» **Problem to work on**
Only one stretch of the listing below is wanted. Give it again exactly, from the line with "Garsonieră decomandată în Central" through the line with "12 Lynnbrook Road".

» **Record extracts**

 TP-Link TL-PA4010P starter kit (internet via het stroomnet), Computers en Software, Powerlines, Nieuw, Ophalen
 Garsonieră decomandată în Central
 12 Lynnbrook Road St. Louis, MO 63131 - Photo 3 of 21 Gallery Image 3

---

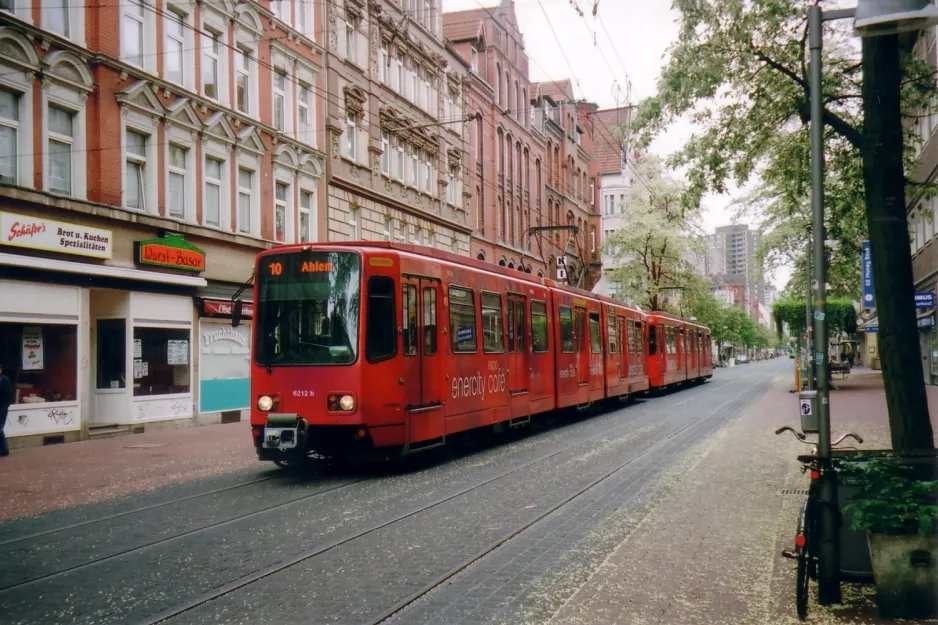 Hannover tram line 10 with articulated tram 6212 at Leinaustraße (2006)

...

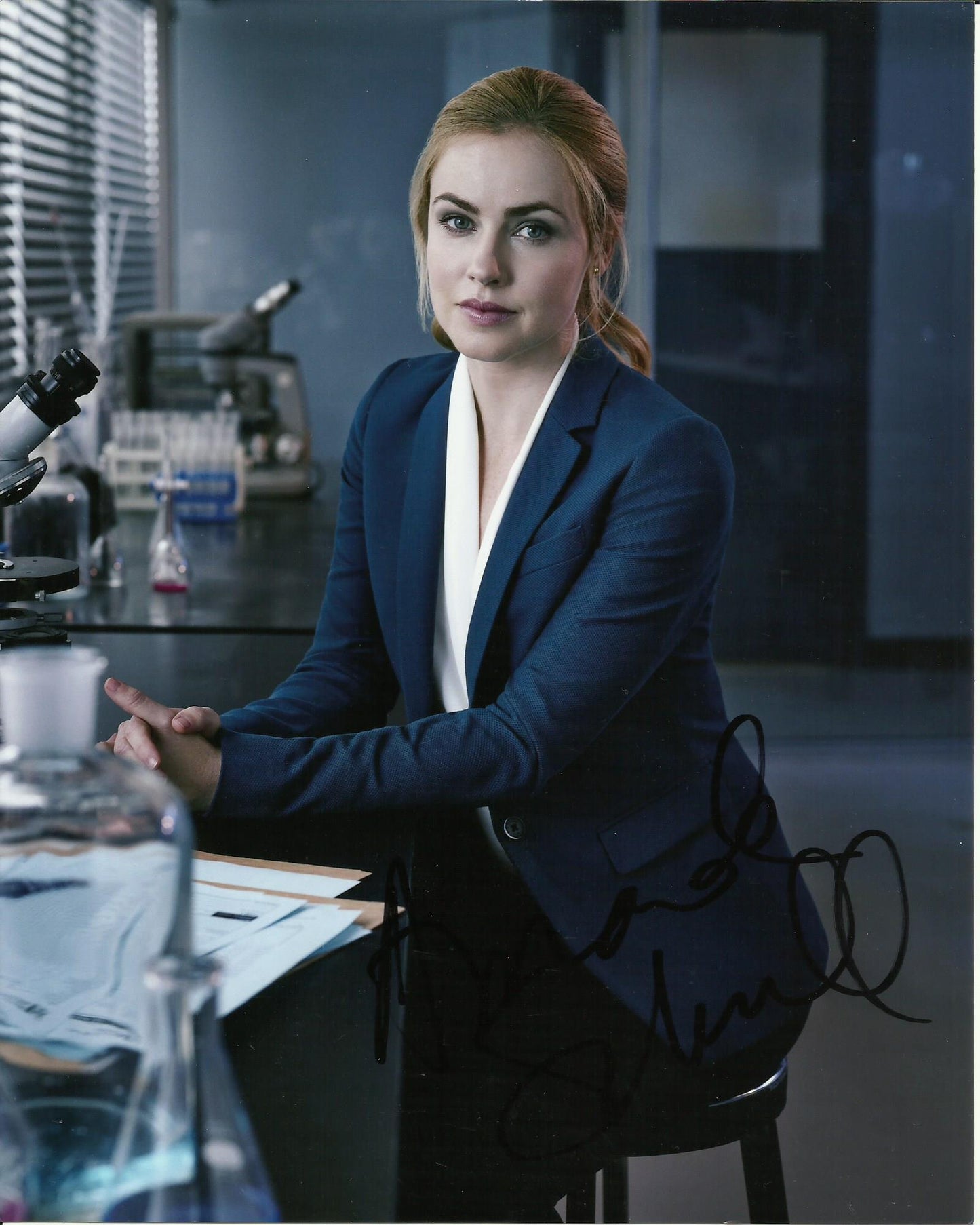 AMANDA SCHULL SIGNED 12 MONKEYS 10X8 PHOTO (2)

» **Output of the task**
 Garsonieră decomandată în Central
 12 Lynnbrook Road St. Louis, MO 63131 - Photo 3 of 21 Gallery Image 3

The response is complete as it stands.